In Canada, looming censorship bill recalls long-repealed 'Section 13' of Human Rights Act
Bill C-36 broadly targets free speech throughout the country; civil liberties advocates raise alarms.
A looming bill in Canada would impose significant speech burdens on Canadian citizens reminiscent of earlier restrictive censorship rules that were repealed nearly a decade ago.
Bill C-36, introduced in the Canadian parliament late last month, would if passed amend the Canadian Human Rights Act "to provide that it is a discriminatory practice to communicate or cause to be communicated hate speech by means of the Internet or other means of telecommunication in a context in which the hate speech is likely to foment detestation or vilification of an individual or group of individuals on the basis of a prohibited ground of discrimination."
The law would authorize the Canadian "Human Rights Commission" to "accept complaints alleging this discriminatory practice" and would empower the country's "Human Rights Tribunal" to "adjudicate complaints and order remedies."
The bill defines "hate speech" as "communication that expresses detestation or vilification of an individual or group of individuals on the basis of a prohibited ground of discrimination," although it notes that speech that "expresses mere dislike or disdain or ... discredits, humiliates, hurts or offends" does not necessarily qualify as "hate speech" under the law.
As with many European countries, Canada's government allows for significantly more speech restrictions than are permitted under the United States Constitution. The U.S. Constitution's First Amendment — along with roughly six decades of pro-free-speech decisions by the U.S. Supreme Court — have established protections for free speech that are comparatively rare throughout the rest of the world.
Canada, meanwhile, expressly notes in its Charter of Rights and Freedoms that restrictions on fundamental freedom, including free speech, can be permitted so long as they "can be demonstrably justified in a free and democratic society."
That provision has been interpreted broadly by Canadian lawmakers in the past. A provision of the Canadian Human Rights Act — Section 13 — had prohibited the digital communication of "any matter that is likely to expose a person or persons to hatred or contempt by reason of the fact that that person or those persons are identifiable on the basis of a prohibited ground of discrimination."

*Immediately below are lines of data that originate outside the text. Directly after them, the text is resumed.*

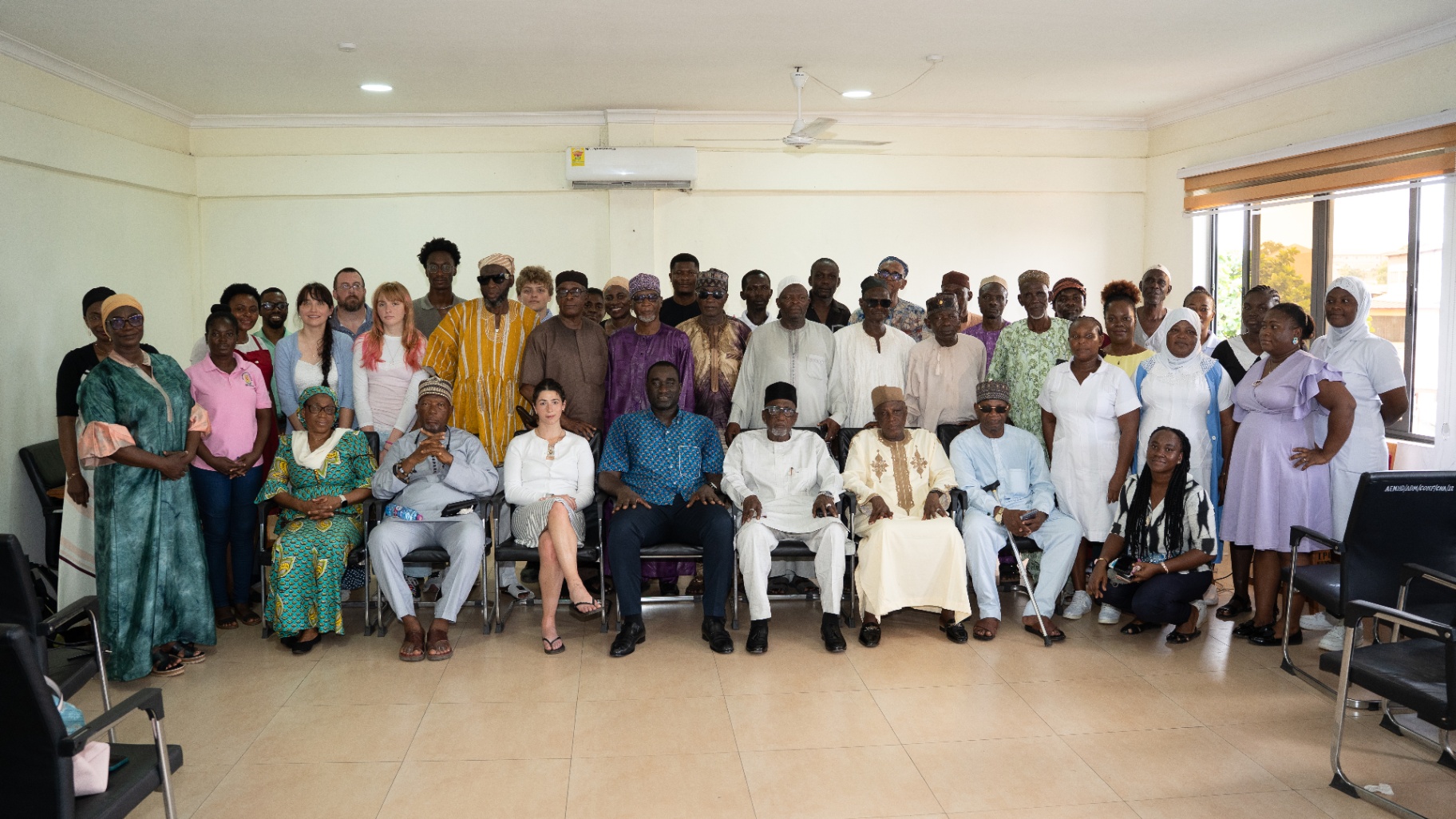 Group photo with community elders and partners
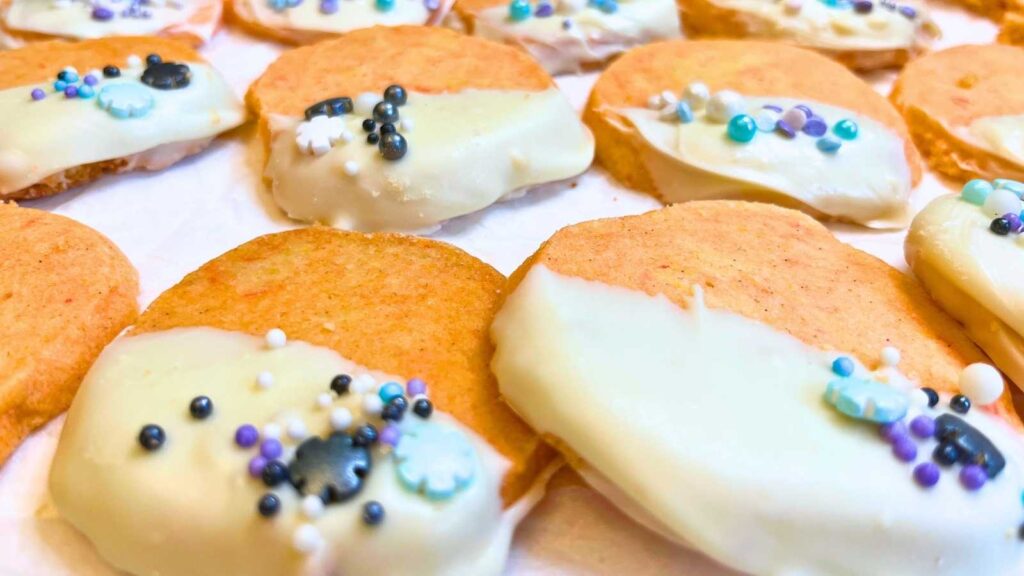 A close up look at orange and cardamom cookies decorated with white chocolate and sprinkles.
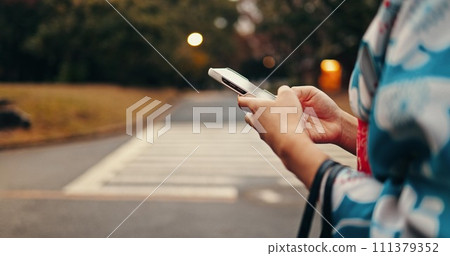City, phone and hands of Japanese person in street for online networking, website and social media. Travel, walking and closeup of typing on smartphone with traditional fashion, culture and kimono 111379352
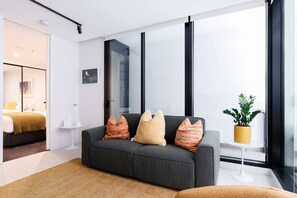A modern living room with a grey sofa, a small white side table, and a potted plant. - Indi | Chic Inner-City Retreat with Parking (Collingwood)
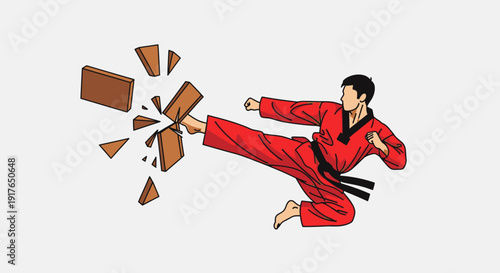 Martial artist kicks breaking boards in action sports event with skill and precision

That rule was ultimately repealed in 2014. Its demise was attributed in part to conservative commentators Mark Steyn and Ezra Levant arguing successfully against a complaint brought before the Canadian Human Rights Commission pursuant to Section 13 regarding commentary written by Steyn that was critical of Islam.
Bill C-36 would appear to essentially revive Section 13, potentially signaling a new wave of digital speech restrictions in the country. The proposed bill has been met with criticism from various quarters both in and out of Canada. An editorial last week in the Toronto Sun, for example, criticized the proposal's language as "broad" and the bill itself as "a mockery of real laws."
"What it will mean in practice is that anyone will be able to make nuisance claims that someone else's Twitter or Facebook post violates their rights," the editors wrote.
On his eponymous website, meanwhile, Mark Steyn wrote last week that "in the intervening years [since Section 13's repeal] we have reached the stage where free speech is now openly mocked as a weird fringe right-wing obsession."
"The left feels it has no need of freedom of expression because it controls the culture, and therefore in the new world of 'approved speech' they're the ones who grant approval, so what's the problem?" he wrote rhetorically.